Un blackout di memoria e un carico di ansia distribuito su diverse ore dopo il lungo viaggio. Ma anche un piccolo esercito silenzioso che, senza clamore e senza mantello da supereroe, si è attivato con calma e tenacia per il ritrovamento. È la storia, a lieto fine di Padre Michel: novant’anni suonati, sacerdote belga e compagno involontario di quel grande enigma chiamato demenza senile.
Il viaggio per una breve vacanza in famiglia
Ieri mattina, come da programma, è atterrato a Fiumicino da Vienna. Lo attendeva al Terminal T1 la sorella, residente a Ladispoli, pronta ad accoglierlo per una breve vacanza in famiglia. Avrebbe dovuto essere tutto semplice: assistenza prenotata, istruzioni impartite con la precisione di un orologio svizzero, contatti ben distribuiti a chi di dovere. Insomma, il piano era perfetto ma…

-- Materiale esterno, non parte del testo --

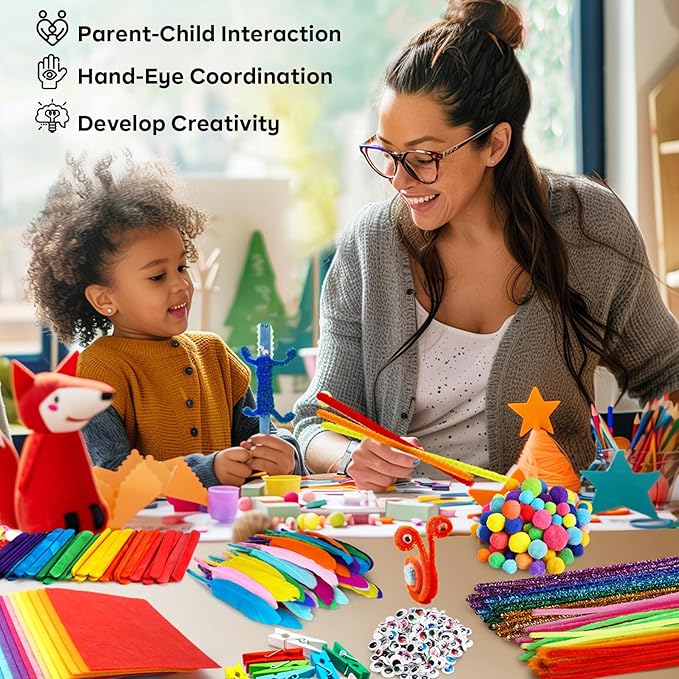 FUNZBO Arts and Crafts Supplies for Kid - Crafts for Girls Age 3, 4, 5, 6, 7, 8, 9 Years Old, Craft Kit with Pipe Cleaners, Pompoms & Craft Tools, Birthday Gifts for 4-8 Boys & Girls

Appena messo piede sul suolo italiano, Padre Michel è stato assalito da un vuoto di memoria: ignaro di dove fosse, perché fosse lì e forse persino di chi fosse. Smarrito, letteralmente, tra i corridoi infiniti e i flussi umani del mastodontico scalo romano.
Attesa inutile
La sorella, nel frattempo, aspettava, ma del sacerdote neanche l’ombra. Dopo ore di silenzio, la preoccupazione è diventata panico e il panico si è trasformato in denuncia. La donna si è rivolta al Commissariato di Ladispoli. Da lì è partita la macchina dei soccorsi.
Avvio delle ricerche
La Polaria di Fiumicino ha risposto come nei migliori polizieschi: via alle ricerche, occhi puntati sulle telecamere, agenti mobilitati, Terminal scandagliato palmo a palmo. Passavano le ore, cresceva l’ansia, ma nessuno ha tirato i remi in barca.
Ritrovato
Poi, finalmente, nel tardo pomeriggio, ecco la svolta: un uomo stanco, disorientato ma incolume, si aggirava nei pressi del terminal delle partenze internazionali. Era lui. Padre Michel, il pellegrino involontario. Riconosciuto, soccorso e accompagnato negli uffici della Polaria dove ha ricevuto conforto, acqua e qualche parola di conforto.
Poco dopo, l’abbraccio commosso con la sorella. Il sipario è calato, l’applauso lo meritano tutti: da chi ha atteso con il cuore in gola a chi, senza fare troppo rumore, ha reso possibile un finale degno di essere raccontato.